▶ _Data provided_:
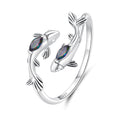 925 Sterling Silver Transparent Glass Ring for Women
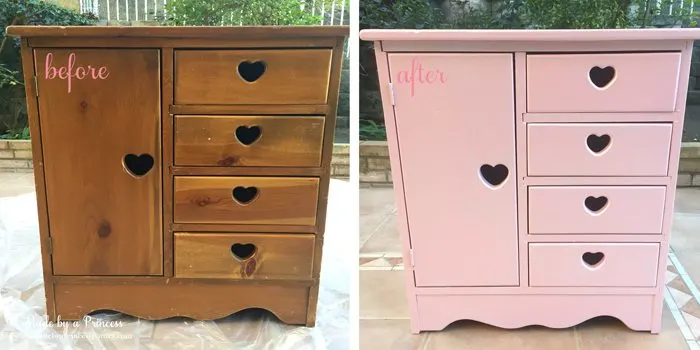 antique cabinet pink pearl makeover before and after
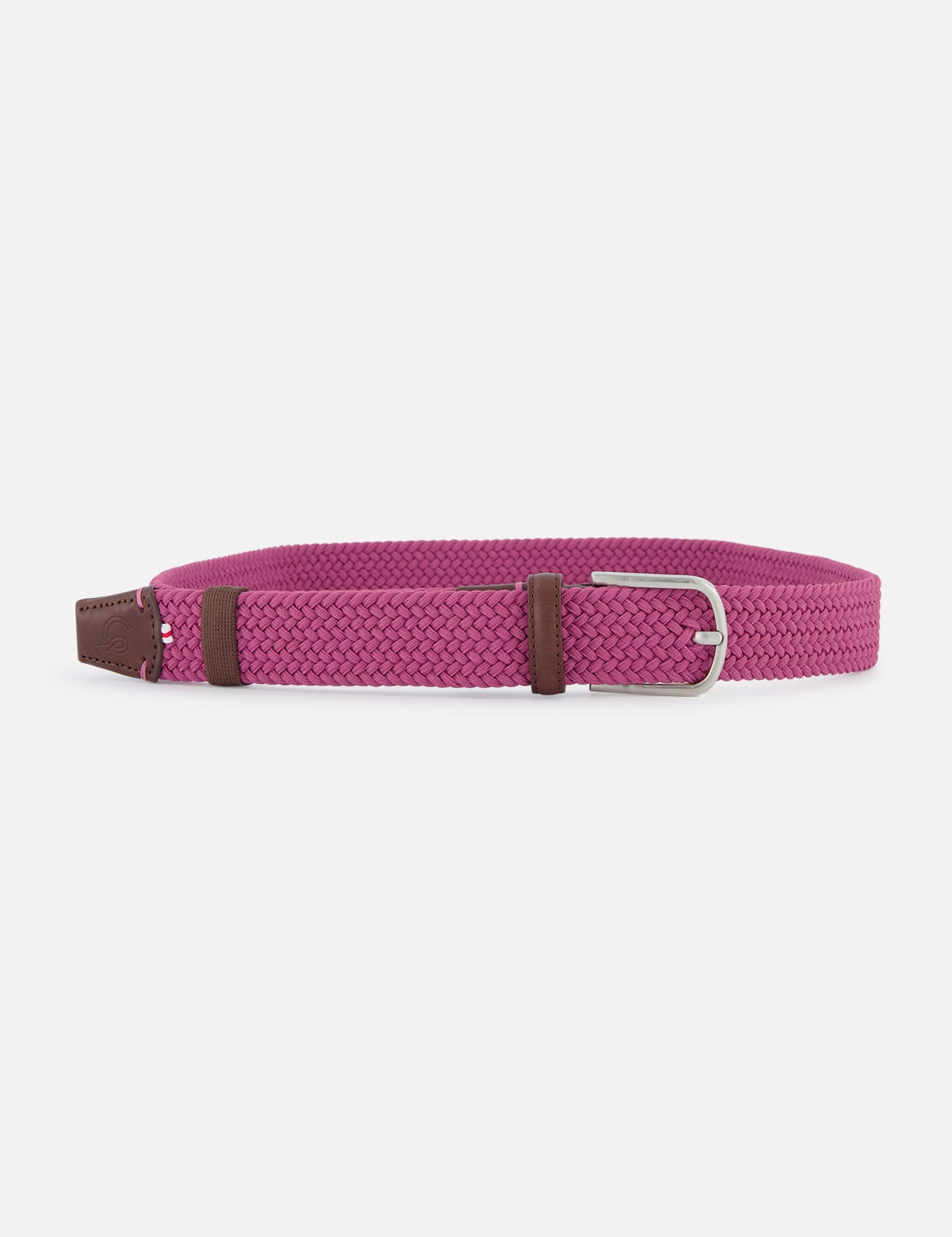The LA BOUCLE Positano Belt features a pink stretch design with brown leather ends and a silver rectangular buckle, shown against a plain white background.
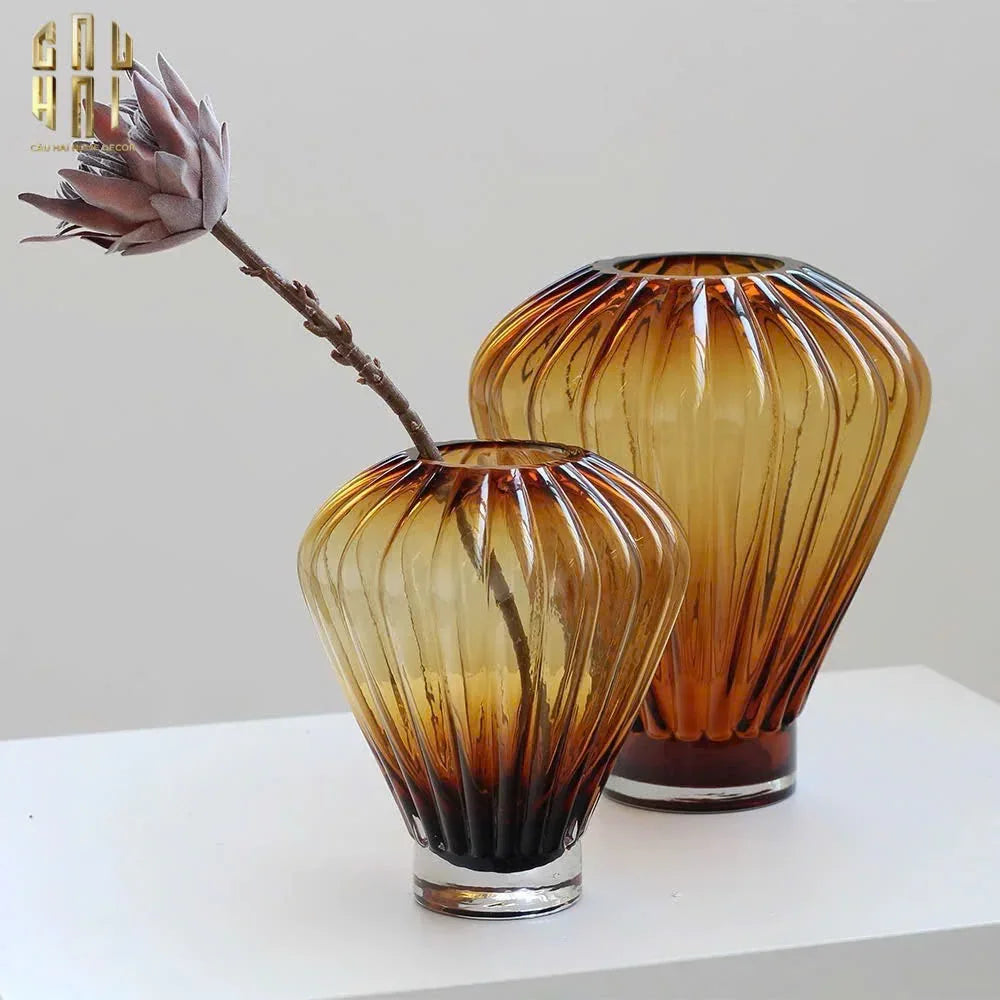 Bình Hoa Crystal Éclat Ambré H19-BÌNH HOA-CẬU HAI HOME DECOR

▶ _Task_: Repeat the listing verbatim, pictures excluded.

▶ _Exercise output_:
 925 Sterling Silver Transparent Glass Ring for Women
 antique cabinet pink pearl makeover before and after
The LA BOUCLE Positano Belt features a pink stretch design with brown leather ends and a silver rectangular buckle, shown against a plain white background.
 Bình Hoa Crystal Éclat Ambré H19-BÌNH HOA-CẬU HAI HOME DECOR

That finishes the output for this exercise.